The Buffalo Philharmonic Orchestra’s inaugural Pops concert of the season was a pretty solid success. There was nary an unfilled seat in the house and the parking lots – and many of the side streets – were filled with cars.
Program music drawn from popular soundtrack scores by John Williams was a safe hit with the audience, and the orchestra – led by BPO Pops conductor John Morris Russell – delivered performances that drew excitement, humor and pathos from familiar material.
This was not an evening of dial-it-in performances although, due to the successful films from which these tunes were drawn, the possibilities hung around right up until the start of the second piece played.

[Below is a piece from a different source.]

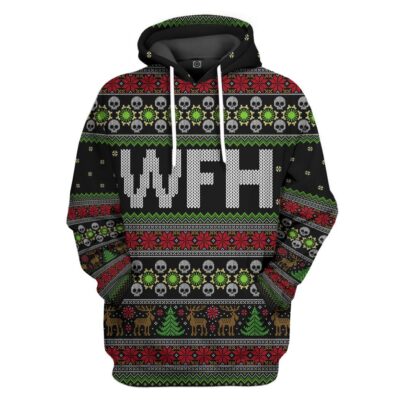 3D WFH Work From Home Ugly Christmas Sweater Custom Tshirt Hoodie Apparel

I start there because the march from “Raiders of the Lost Ark,” which began the evening, was a stereotypical entry point for a Williams-themed program. What followed was the composer’s arrangement of thematic material from the Jerry Bock score to “Fiddler On the Roof.” Klezmer-like cadences romped through the opening until BPO concertmaster Dennis Kim delivered a beautifully nuanced solo that foreshadowed the quality that would follow.

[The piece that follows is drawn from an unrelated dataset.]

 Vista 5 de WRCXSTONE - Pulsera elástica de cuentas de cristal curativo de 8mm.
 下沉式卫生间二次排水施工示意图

Russell was an energetic master of ceremonies, in addition to leading members of the orchestra through their paces. He told stories about the pieces being played and the movies they starred in and basically won the audience over with his attitude.
When, during a particularly energetic moment in “Call of the Champions” (the theme for the 2002 Winter Olympics and the only nonsoundtrack moment of the evening), Russell lost control of his baton – sending it all the way back to the fourth row of the violin section – he and the orchestra didn’t miss a beat. The accident allowed him to make a joke about “javelin throwing” and make the audience even more relaxed.
There were plenty of other pops moments, too. At the end of the theme from “Jaws,” the Buffalo Philharmonic Chorus screamed appropriately; electronic effects heightened the openings of the “Close Encounters of the Third Kind,” “Jurassic Park” and “Star Wars” sequences, while the celeste playing of pianist Claudia Hoca gave an appropriately ethereal quality to the “Harry Potter” material.
Other highlights included Kim’s playing during the Main Theme from “Schindler’s List” and some splendid singing from the chorus during “Dry Your Tears Afrika,” from “Amistad.”
All in all, it was a decent, well-played, entertaining evening with the orchestra. Not bad, guys. Good work.